Seed Sites for Search Engine Web Crawls

Would search engines be better if they started web crawls from seed sites such as Twitter or Facebook? Wikipedia or Mahalo? DMOZ or the Yahoo Directory?

Seed sites are the pages that search engines start upon. If those are diverse enough, they make it more likely that search results will provide a diverse and more complete set of search results.

The Web refreshes at an incredible rate. New pages appear. Old pages get removed. And words pour out from blogs, news sites, and other genres of pages. Ecommerce sites showcase new products and take away old ones. New sites begin, and old domains expire. Because of this quick rate of change, finding good new sites may be a wise thing to do

Search engines attempt to keep their Web indexes as fresh as possible. They crawl to find the new, update changes, and explore disappearances. Not doing so can mean outdated search engines and deleted pages, overwritten content, and stale indexes that miss out on new sites.

Web Crawls Often Start at Seed Sites

When a search engine starts crawling the Web, it often begins by following URLs from chosen seed sites to explore other pages and other domains.
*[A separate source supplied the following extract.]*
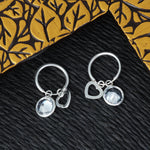 Load image into Gallery viewer, Heart Huggies Solitaire Bali 925 Sterling Silver Earrings
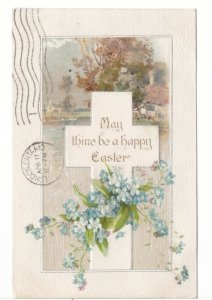 May Thine Be A Happy Easter, Cross, Rural Scene, 1908 Winsch Back Postcard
But how does a search engine choose those seed sites that it starts at?

In the past, seed sites might have been from categorized domains such as the Open Directory Project or the Yahoo directory, which link to a wide range of sites of different topics and regions. Those seed sites are editorially controlled in selecting the pages contained within them.

But a search engine doesn’t necessarily have to use those particular sites as seed sites, to begin with, and may choose others.

The Impact of Choosing Seed Sites

A choice of seed sites can dramatically impact the quality of a search engine. It can affect how it covers different topics and geographical areas in its index. Conversely, poorly chosen seed sites could mean low-quality search results, and even more, webspam showing up in response to searches.

A Yahoo patent application describes how the search engine might choose amongst sites to use as seed sites to discover URLs for other Web pages. The Patent screenshot at the top of this post shows how seed sites could be from different geographic places to ensure that the search engine’s coverage of the web was well-distributed.

The patent is:

Host-Based Seed Selection Algorithm for Web Crawlers Invented by Pavel Dmitriev Assigned to Yahoo US Patent Application 20100114858 Published May 6, 2010 Filed October 27, 2008

Abstract

A host-based seed site selection process considers factors such as quality, importance, and potential yield of hosts in a decision to use a document of a host as a seed.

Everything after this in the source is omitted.